El nuevo presidente argentino Alberto Fernández (aunque aún no sabemos si es el que detenta el poder real y menos a tenor de la penosa actuación de su vicepresidenta, Cristina Fernández, el día de la asunción) ha recibido un país en grave emergencia económica y social, con alta pobreza, en recesión, con alta inflación y con una deuda externa e interna elevada que no puede pagar y que deberá renegociar en forma amigable o en forma brutal (default, aunque esperemos que sea sin festejo en el Congreso esta vez, a diferencia del 2002).

En todo caso, Alberto Fernández no está dispuesto a hacer un ajuste del gasto, seguramente subirá algunos impuestos al capital, y como tiene poco margen para hacer la política keynesiana habitual del peronismo y no estamos en el comienzo del boom de las commodities que le cayó de regalo a Néstor Kirchner en el 2003, se propone algunas cosas como “un sistema masivo de créditos, a tasas de interés bajas”, que otorgarán instituciones “no bancarias”; la economía popular y sus movimientos organizados, el cooperativismo y la agricultura familiar serán actores centrales. Habrá “un consejo económico y social que diseñará y consagrará un conjunto de políticas de Estado para la próxima década”.

Cuáles son las instituciones “no bancarias” que darán “créditos masivos” a “tasas de interés bajas” y de dónde conseguirán fondos, que no vengan del endeudamiento (Argentina no tiene capacidad de acceder al mercado de crédito) o de la emisión monetaria, es un misterio.

Por otro lado, Alberto Fernández deberá ubicar a Argentina en el mundo. La relación con Brasil no es buena: Brasil quiere liberalizar el comercio y Argentina protegerlo. ¿Hasta dónde llegará la tensión en el Mercosur? Más temas. Evo aprovechó la asunción presidencial para ir a la Argentina y solicitar refugio: una forma de estar más cerca de su país que es limítrofe. Alberto se lo otorgó, cosa que Macri no había hecho. Y algo volverá a ocurrir con Venezuela a quien Cristina apoyó a capa y espada y Macri desconoció la reelección de Maduro.

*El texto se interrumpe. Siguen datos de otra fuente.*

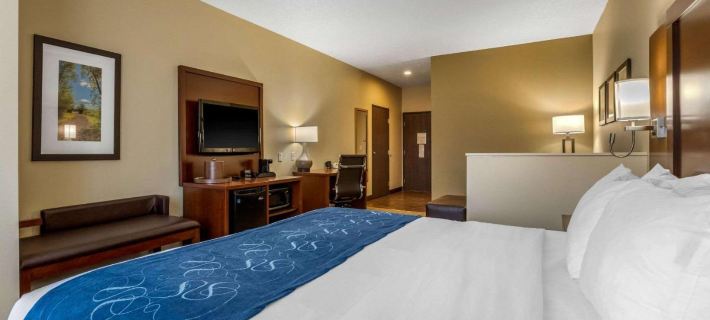 Comfort Suites Hotels in Cedar Falls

Después entramos en el tema judicial. Alberto Fernández hizo en su discurso una fuerte crítica a los jueces y una fuerte llamada a la reforma profunda del sistema judicial. Parecería que todos los casos de corrupción política van a quedar en la nada. “Cuando los jueces tienen miedo, los ciudadanos no pueden dormir tranquilos”, decía el célebre jurista italiano Francesco Carnelutti. Hoy en Argentina los jueces —los buenos, los malos, los honestos y los corruptos— tienen miedo si son señalados por el presidente entrante (y bien que lo fueron, cuando aún no era presidente, con nombre y apellido), llamándolos a responsabilidad por haber procesado a Cristina. Porque habrá jueces malos o corruptos, pero que durante los tres gobiernos K, desde el 2003 al 2015, hubo una enorme corrupción en la obra pública es algo que nadie en su sano juicio puede negar. De ello hay pruebas al canto como los bolsos con 10 millones de dólares volando por encima de los muros de un convento o los 5 millones de dólares en la caja de seguridad de Florencia Kirchner o los cuadernos de las coimas (sobornos) con minuciosos relatos de la ruta del dinero. Y eso no es un “linchamiento mediático” como señala Alberto Fernández.

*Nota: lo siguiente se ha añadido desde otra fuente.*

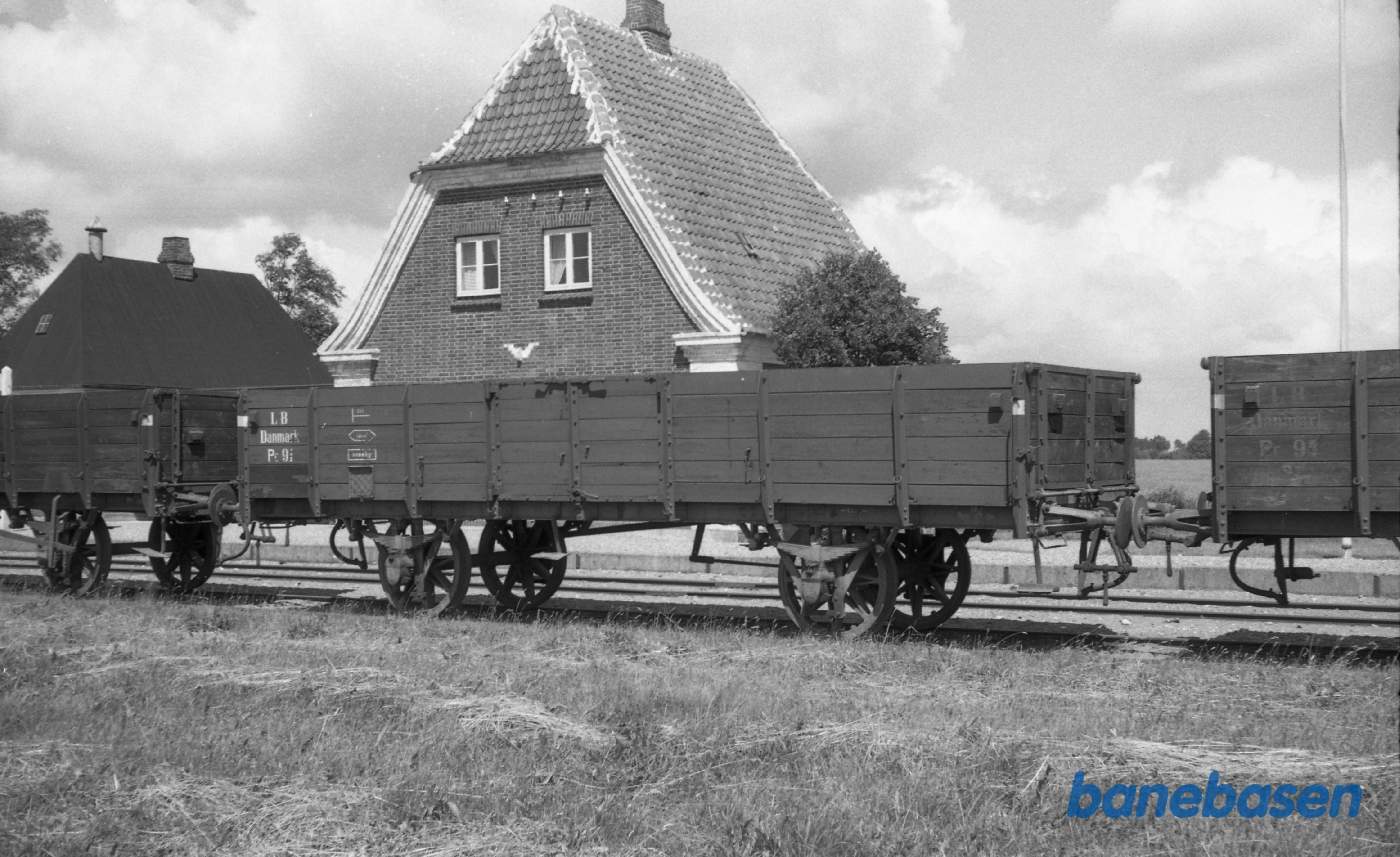 Krogsbjerg station. LB Pc 91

Todo eso da para un documental de Netflix como el que se hizo sobre el Lava Jato en Brasil. Pero lo que se va a hacer es un documental por Oliver Stone sobre el lawfare (la guerra judicial de los jueces contra gobernantes de izquierda), con los relatos de Alberto y Cristina. Por algo Stone estuvo en Buenos Aires charlando con ellos en los días de su asunción.